_DATA:_
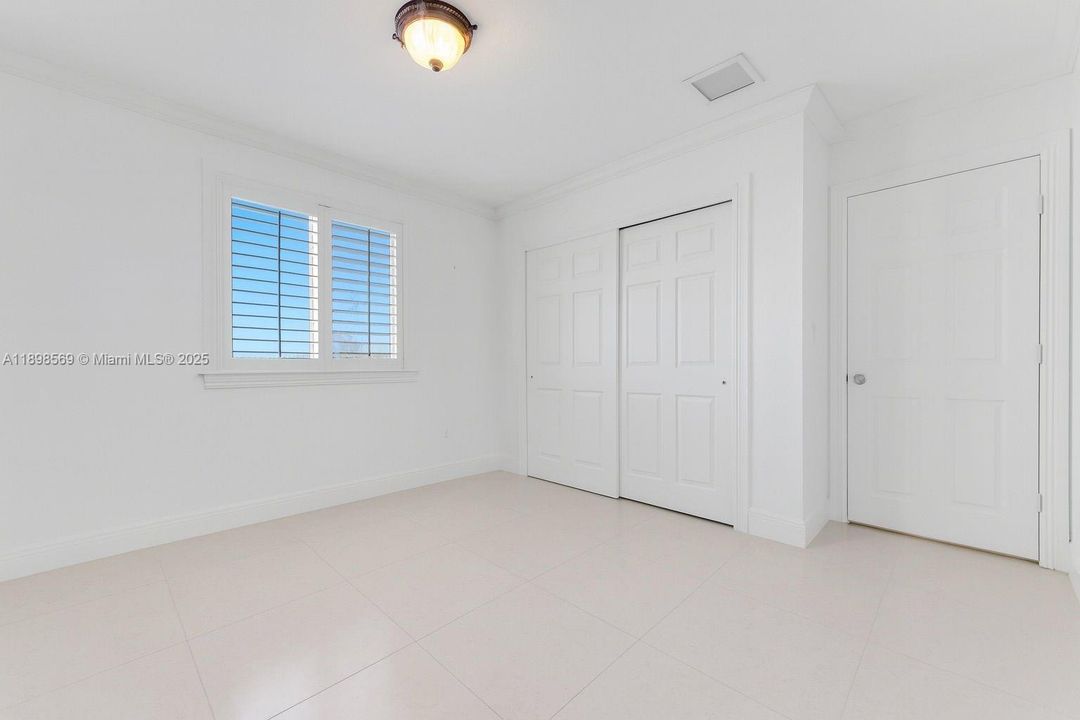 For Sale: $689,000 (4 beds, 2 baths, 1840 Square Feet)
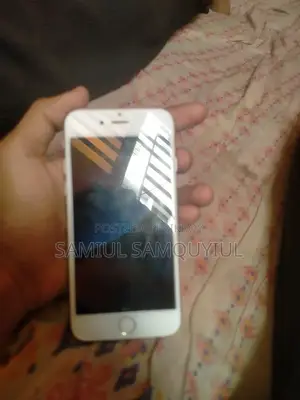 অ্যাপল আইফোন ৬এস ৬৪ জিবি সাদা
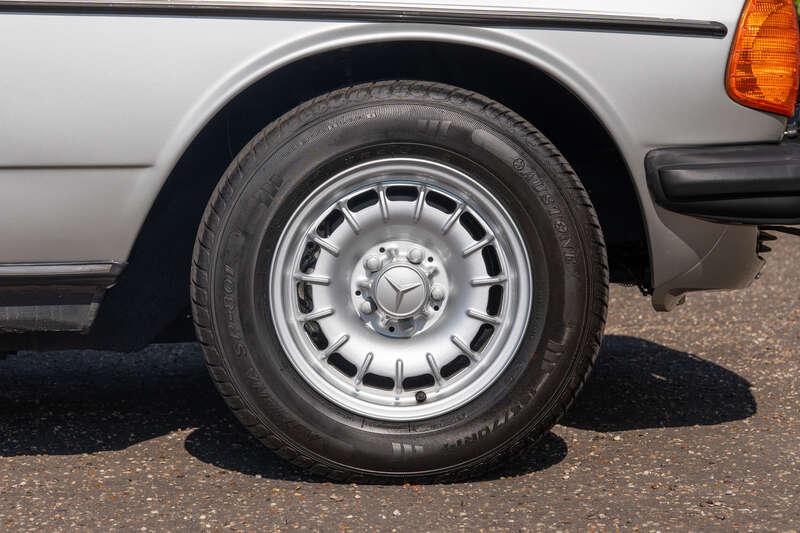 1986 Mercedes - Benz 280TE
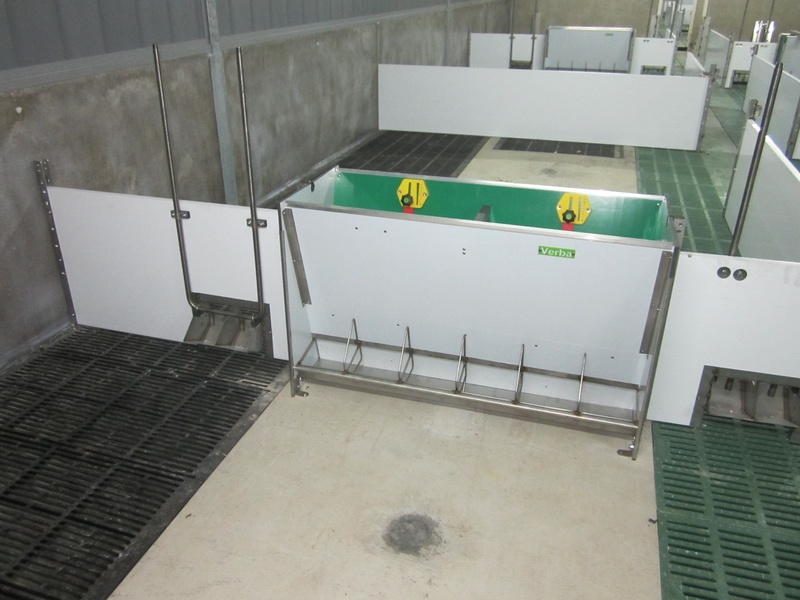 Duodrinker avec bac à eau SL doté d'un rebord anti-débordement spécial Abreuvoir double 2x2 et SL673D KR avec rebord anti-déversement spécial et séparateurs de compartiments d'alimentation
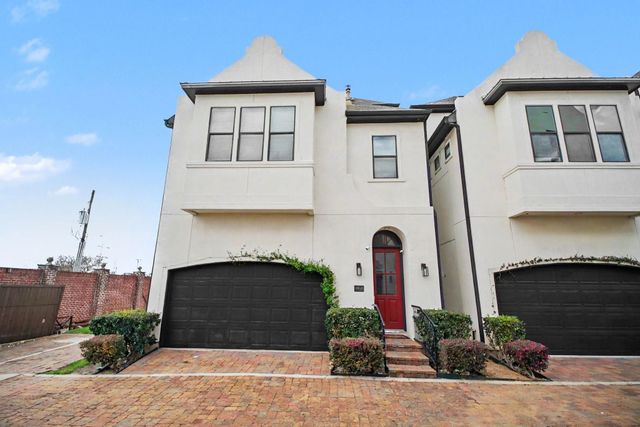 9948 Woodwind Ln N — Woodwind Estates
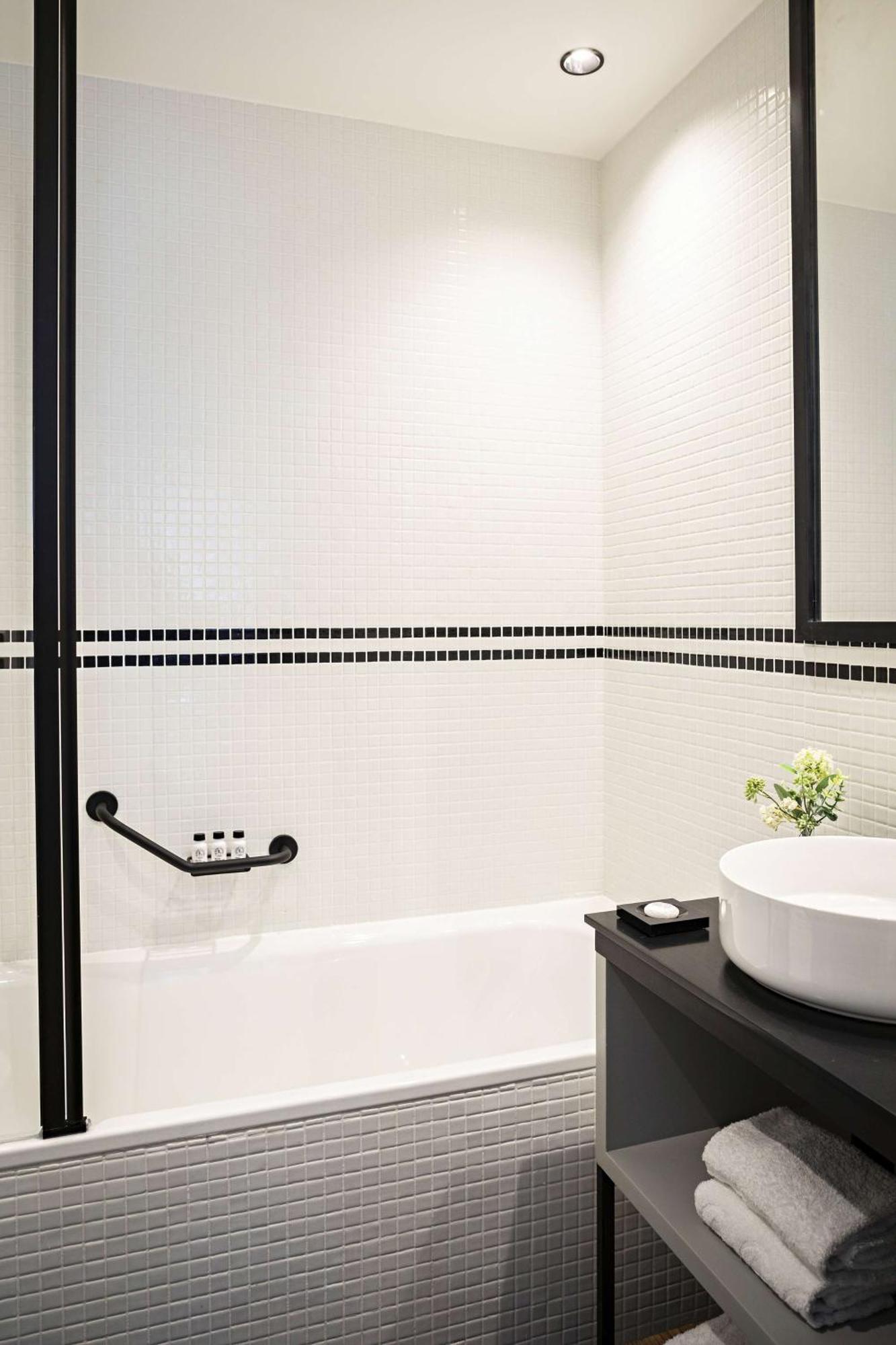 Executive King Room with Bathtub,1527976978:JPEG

---

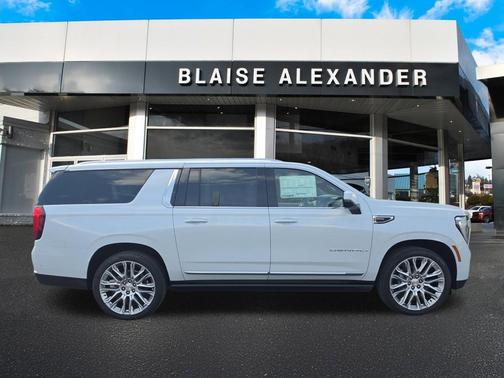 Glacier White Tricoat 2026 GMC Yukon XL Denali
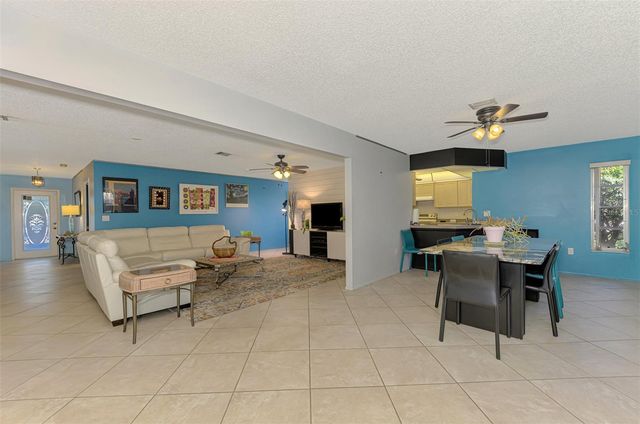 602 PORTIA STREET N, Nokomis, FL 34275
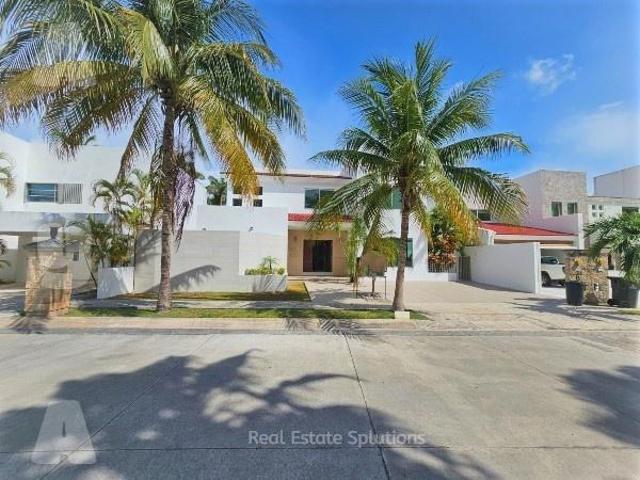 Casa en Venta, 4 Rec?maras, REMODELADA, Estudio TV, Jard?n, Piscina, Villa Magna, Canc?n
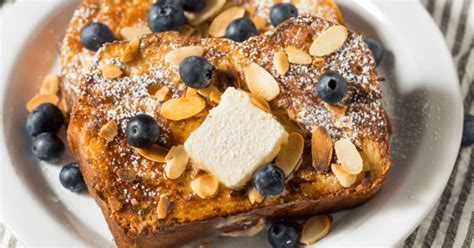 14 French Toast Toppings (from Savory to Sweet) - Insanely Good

_WORK ORDER:_ Copy out the lines above from the line containing "Duodrinker avec bac" through the line containing "Executive King Room", exactly, and keep the pictures out.

_WRITTEN SOLUTION:_
 Duodrinker avec bac à eau SL doté d'un rebord anti-débordement spécial Abreuvoir double 2x2 et SL673D KR avec rebord anti-déversement spécial et séparateurs de compartiments d'alimentation
 9948 Woodwind Ln N — Woodwind Estates
 Executive King Room with Bathtub,1527976978:JPEG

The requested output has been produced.